A: Research convincingly shows that formula marketing — including samples — has a significant effect on breastfeeding. Women who receive commercial formula sample “discharge bags” in hospitals breastfeed for shorter durations and are less likely to breastfeed exclusively. Even women who receive formula company branded bags without formula inside them have been shown to breastfeed less than those who do not. In combination with the high volume of formula company advertising many women encounter while they are pregnant, whether in email or regular mail form, television, or online, there is no question that formula marketing has an effect on us. Formula companies spend millions of dollars on marketing — because it works.
Q:Are you trying to force women to formula feed their babies? Does your campaign vilify women who formula feed?
A: Our campaign to stop marketing of formula in healthcare facilities is not about individual families’ choices about how they will feed their children. Our concern is with how and where infant formula is marketed. Breastfeeding has been clinically shown to be best for babies and mothers’ health, and as such it makes sense for healthcare providers to recommend and support it. Most women are able to breastfeed if they have access to appropriate support systems. However, we recognize that for some women, breastfeeding is not the best option or is not possible. Commercial infant formula is readily available to these women and their families, and we are not trying to eliminate the product, nor are we passing judgment on women who cannot or choose not to breastfeed. But, the vast majority of women (80 percent) enter the hospital intending to breastfeed. In order to support these mothers in fulfilling this intention, we believe healthcare facilities must provide adequate support, which includes removing formula marketing from their premises.
Q:The cost of formula is very high. For women who formula feed, doesn’t your campaign seek to deny them a much needed free product?
A: As the folks at Ban the Bags point out, the samples provided in discharge bags are not really “free.” The formula industry provides the most expensive varieties of formula in these sample bags. Believing (understandably) that the formula provided for them at the hospital must be best, most mothers continue to use the same brand once they leave – and that’s exactly what formula companies intend. When families continue using the brand name formulas given for “free” in discharge bags, it will cost at least $700 extra per year.
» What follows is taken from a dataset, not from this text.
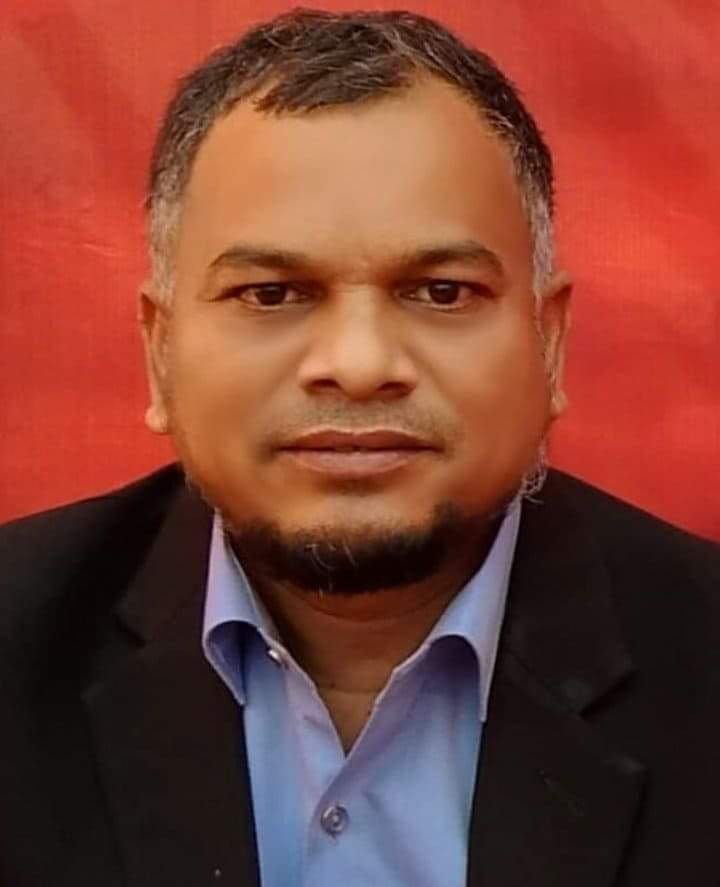 শাহ আলমের শখের লেখালেখি, সাংবাদিকতা জীবনের প্রাসঙ্গিক কিছু কথা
Q: Our hospital already eliminated industry-provided formula samples, but we received your letter and are on your list. Why?
A: First, congratulations! We commend you for taking this important step. Second, we apologize. In our efforts to reach as many of the hospitals that continue to permit formula marketing in their facilities as possible, we may have inadvertently included some that have already eliminated formula marketing. Please let us know and we will remove you from our list immediately.